Objectif: huit chefs en 2020

Au printemps, Thierry Marx a rejoint dans ce sérail aéroportuaire ses confrères Gilles Epié et Guy Martin, qui vient quant à lui d'ouvrir sa deuxième enseigne à Roissy-Charles de Gaulle.

Après I Love Paris, élu en 2016 meilleur restaurant d'aéroport - «par un jury anglo-saxon», s'enorgueillit-il - le propriétaire du Grand Véfour signe la carte du French Taste, un bistrot qui vient de s'installer dans une zone de correspondance du Terminal 2E, en lieu et place d'une... sandwicherie.

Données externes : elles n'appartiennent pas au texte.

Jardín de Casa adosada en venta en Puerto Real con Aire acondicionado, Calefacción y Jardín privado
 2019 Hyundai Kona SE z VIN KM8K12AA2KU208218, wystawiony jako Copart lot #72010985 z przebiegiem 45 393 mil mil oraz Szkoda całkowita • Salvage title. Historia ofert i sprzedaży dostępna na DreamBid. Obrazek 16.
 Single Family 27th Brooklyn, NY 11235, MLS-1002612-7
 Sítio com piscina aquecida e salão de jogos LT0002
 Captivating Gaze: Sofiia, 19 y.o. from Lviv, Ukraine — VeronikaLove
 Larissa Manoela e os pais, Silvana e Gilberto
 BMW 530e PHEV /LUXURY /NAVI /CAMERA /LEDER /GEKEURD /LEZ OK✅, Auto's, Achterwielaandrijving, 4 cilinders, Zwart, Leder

Poulet rôti, steak tartare, crème brûlée, le tout servi par un personnel formé au restaurant parisien du Grand Véfour dans un décor de brasserie néoclassique inspiré de l'univers du Palais-Royal: son enseigne, exploitée par le groupe Elior, se veut une ode à la capitale et à la gastronomie hexagonale. Avec un premier menu autour de 25 euros, comme au Teppan.

«Aujourd'hui, Roissy n'a plus à rougir de la restauration qui est proposée. De plus en plus, on y trouvera une offre à la carte, comme dans les grandes villes», prédit celui qui projette d'ouvrir une troisième adresse, à Orly cette fois. «Les aéroports sont désormais des lieux de vie, un nouveau continent où il est très important d'être présent pour les chefs», ajoute Guy Martin.

Pour Paris Aéroport, qui ambitionne de recenser huit chefs étoilés sur ses plateformes à l'horizon 2020, cette «montée en gamme gastronomique» initiée en 2012 constitue un «enjeu fort».

Premier d'entre eux: «Faire préférer Paris aux passagers en correspondance qui doivent choisir entre plusieurs hubs», souligne Mathieu Daubert, directeur clients, qui évoque aussi un «enjeu d'image et d'incarnation des richesses de la France et de Paris» et d'une certaine «magie parisienne».

L'objectif de ce saut qualitatif, également initié sur les créneaux de la beauté et du prêt-à-porter, est aussi d'encourager les voyageurs à ouvrir plus grand leur porte-monnaie. Le record en la matière est détenu par un passager russe, avec une note de 12 000 euros (18 000 $).